■ WHAT IS REQUIRED: Everything in the data below is left aside except the lines from the one containing "influencer marketing Dogs" through the one containing "Applied Nutrition Protein"; repeat those exactly.

■ THE INPUT:

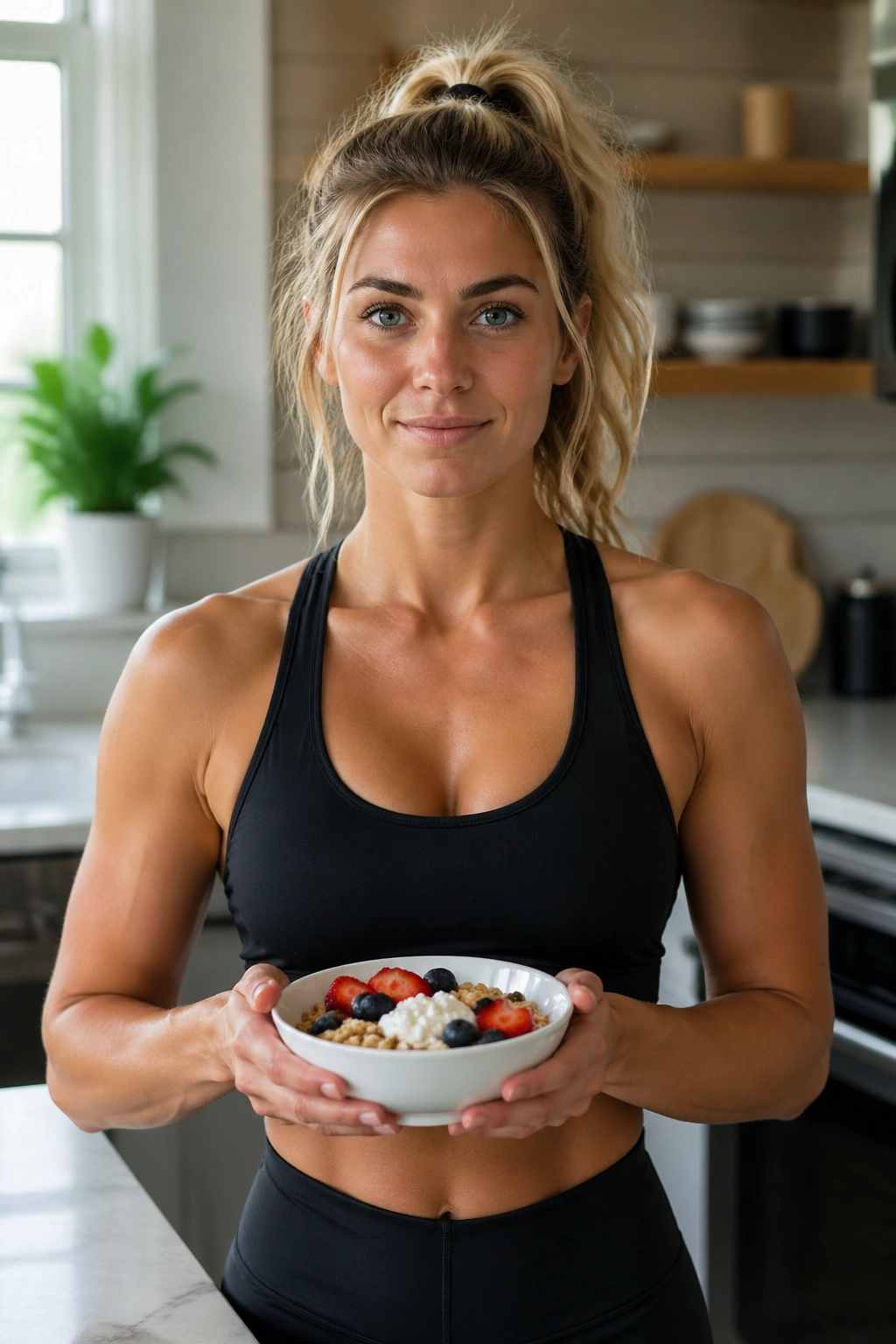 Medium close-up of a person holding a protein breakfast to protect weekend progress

==

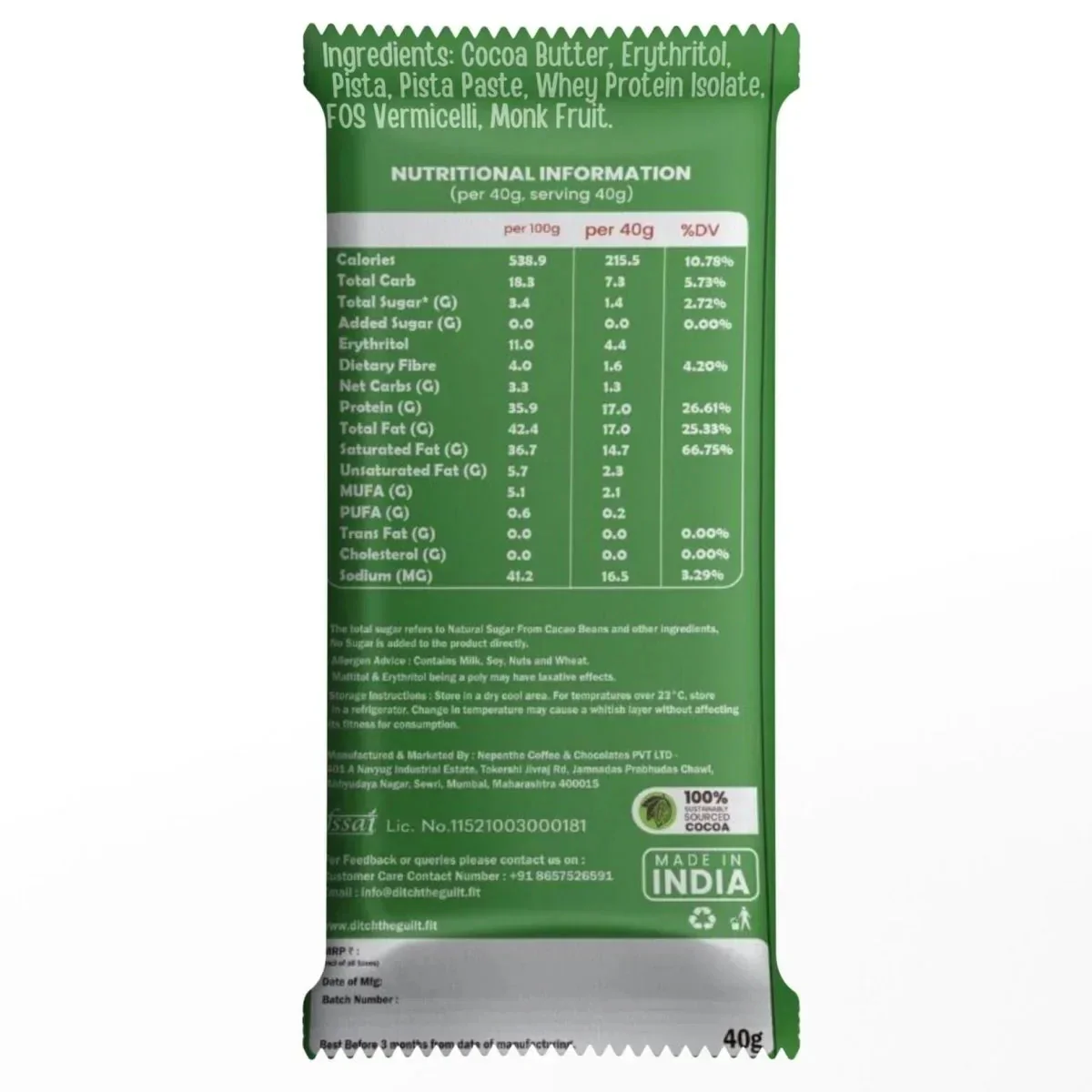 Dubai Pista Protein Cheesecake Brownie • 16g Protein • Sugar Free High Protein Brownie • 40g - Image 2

--

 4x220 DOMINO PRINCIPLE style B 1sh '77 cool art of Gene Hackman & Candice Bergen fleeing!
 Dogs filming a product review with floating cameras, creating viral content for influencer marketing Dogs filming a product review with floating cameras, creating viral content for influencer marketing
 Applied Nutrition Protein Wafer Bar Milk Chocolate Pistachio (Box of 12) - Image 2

■ OUTPUT BELOW:
 Dogs filming a product review with floating cameras, creating viral content for influencer marketing Dogs filming a product review with floating cameras, creating viral content for influencer marketing
 Applied Nutrition Protein Wafer Bar Milk Chocolate Pistachio (Box of 12) - Image 2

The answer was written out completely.